**Activity**
Could the lines from the line bearing "Crown Glam Headboard" to the end of the records below be copied exactly, with the pictures left out and no other lines added?

Supplied records: Begin

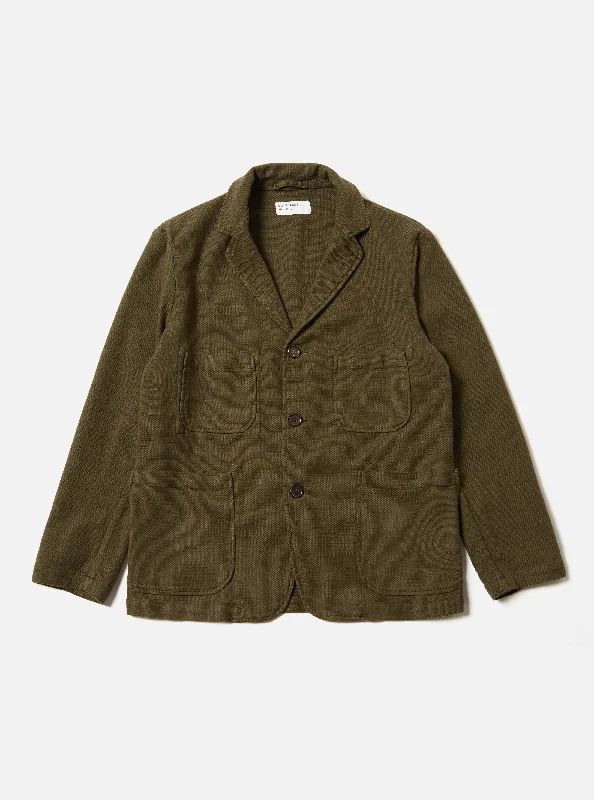 Universal Works Five Pocket Jacket in Olive Chevron Cotton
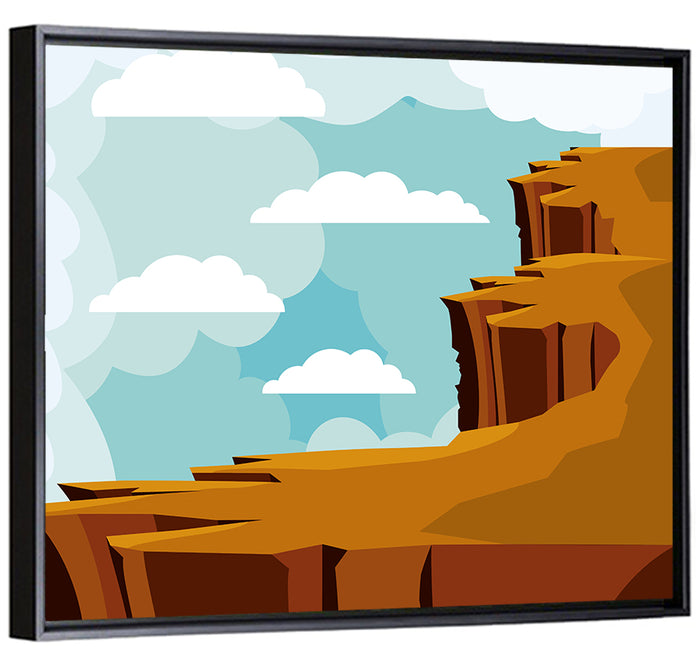 Minimalist Desert Cliffs Wall Art as a framed canvas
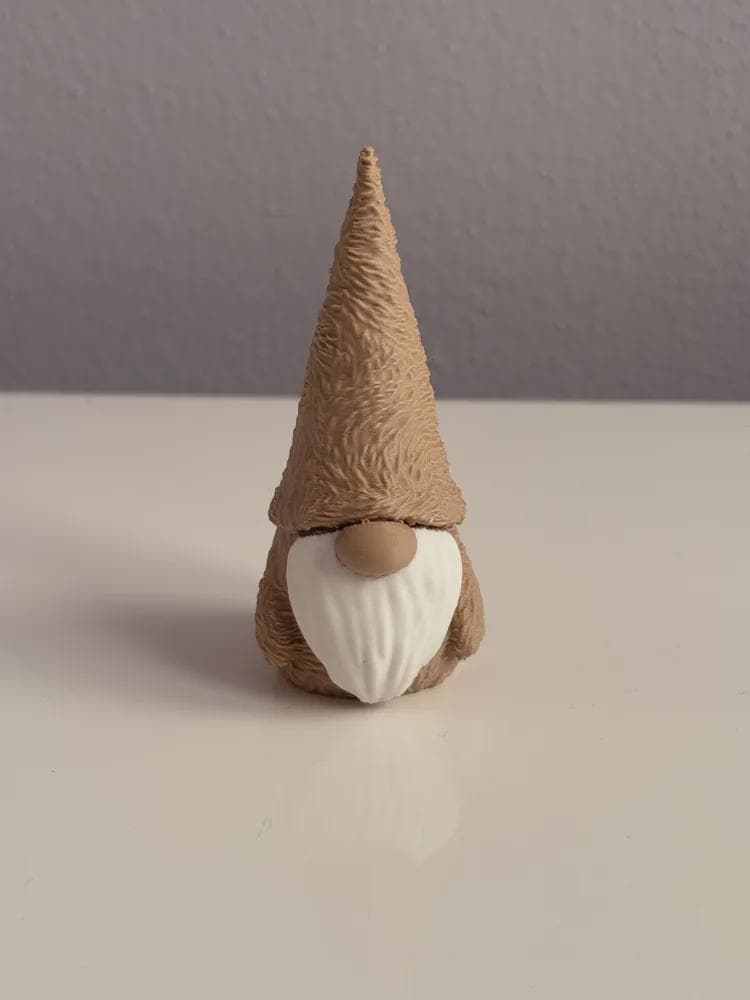 3D gedruckter Weihnachtsgnom – Minimalistische Weihnachtsfigur – Skandi & Japandi Deko – Christmas Gnome with Hairs – Moderne Winterdeko aus PLA, Kunststoff – 3D-Druck von G3DprintsDE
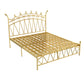 Crown Glam Headboard Bed Open-Frame Metal Bed With Footboard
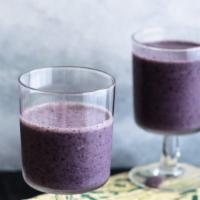 WARRIOR TWO · [adaptogenic] blueberry powder, coconut vanilla whey, hemp seeds, mct oil, blueberries, bana...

Supplied records: End

**Your solution**
 Crown Glam Headboard Bed Open-Frame Metal Bed With Footboard
 WARRIOR TWO · [adaptogenic] blueberry powder, coconut vanilla whey, hemp seeds, mct oil, blueberries, bana...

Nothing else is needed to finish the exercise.